Op-Ed: The Yates County Collaboration


For political conservatives, Yates County, New York lies deep behind enemy lines. 

Situated in the west-central part of a state that has featured some of the most heated battles between modern conservatism and liberalism, the county seems a highly unlikely place to find a reassuring example of inter-party collaboration. But that is exactly what happened last month.

July’s final day found Yates County’s Democratic and Republican committees co-sponsoring a free concert on Yates County’s Court Yard Lawn, featuring Beatles cover band Mr. Mustard. Flying in the face of rhetoric spewing from both extremes of the political divide, Yates County’s adversarial political rivals, for an evening, buried their hatchets and offered Yates County citizens of all political persuasions an opportunity to come together, enjoy some good music and good food, and interact with each other in a non-threatening and non-political way…despite the clear understanding that the event was sponsored by political parties.

And yes, this happened in 2019.

In the white-hot furnace of modern politics, Yates County Republicans and Democrats, through their act of social collaboration, effectively showed the rest of the nation that a cool, refreshing political breeze can still blow despite the best efforts on the part of the extremes of both parties to crank that furnace ever higher.

As cool as the festivities that took place in Yates County, New York on the evening of July 31 surely were, the most refreshing and hopeful aspects of that evening occurred in the earliest stages of the event’s planning. 

Such events don’t just magically happen. Many logistical elements and much communication must happen before an event of any size can spring to life. There must first be the desire. Then comes the willingness. Then come the magic and beauty. The beauty of the Yates County collaboration is that someone from both parties was willing to ignore the rhetoric of a political discourse gone hopelessly off the rails, reach out in good faith to counterparts on the other side of the political divide, and decide to do something for the greater, non-political good. 

Yet the greatest thing about the Yates County collaboration is the fact that the two sides probably went back to hurling flaming political arrows at each other the minute the last trash can was emptied after the event…albeit without the emotional, personal animosity that has come to define modern political interaction.

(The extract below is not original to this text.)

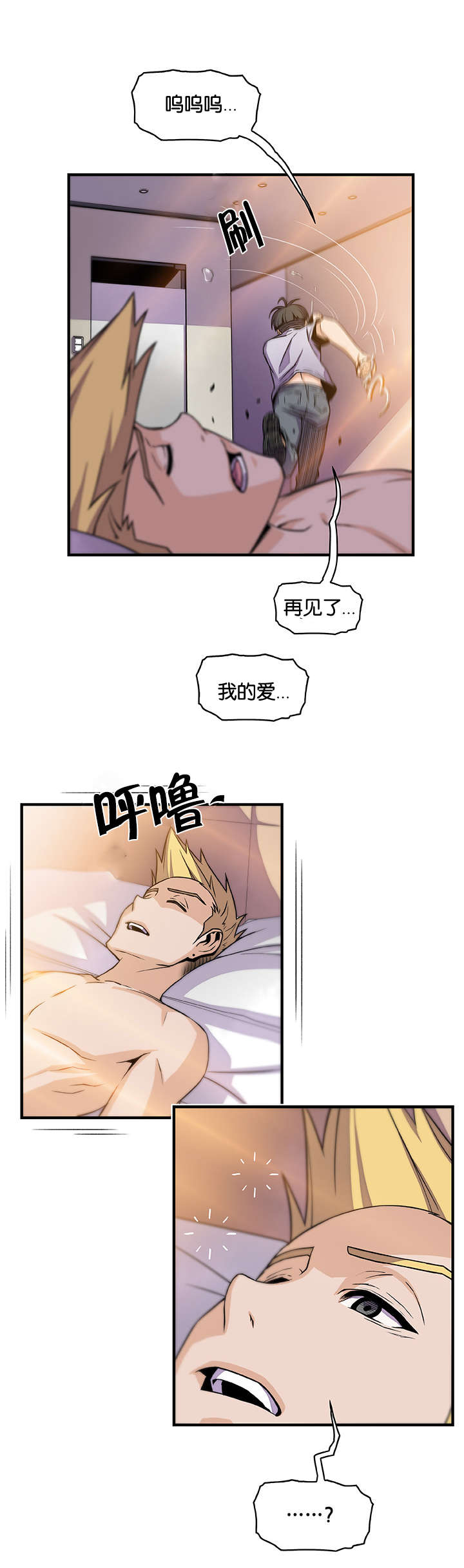 第77章：结婚2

There is something soothing and reassuring when those of conflicting political philosophies, each convinced they are absolutely right while convinced their counterparts are absolutely wrong, engage in frank, honest conversation about even the hottest of hot button issues, then shake hands and part ways in sincere goodwill. Despite what 2019 suggests and 2020 threatens, it can happen with reliable regularity. Just like with the Yates County collaboration, there must be the desire, and that desire begins with a single person. It begins with that single individual’s realization that a sense of righteous resolve is forever wasted when emotion blinds us to the things that can unite us. 

For Yates County’s Democrats and Republicans, Beatles tunes and hot dogs were the uniting elements. It would be interesting to see what bridges Creek County’s political divide.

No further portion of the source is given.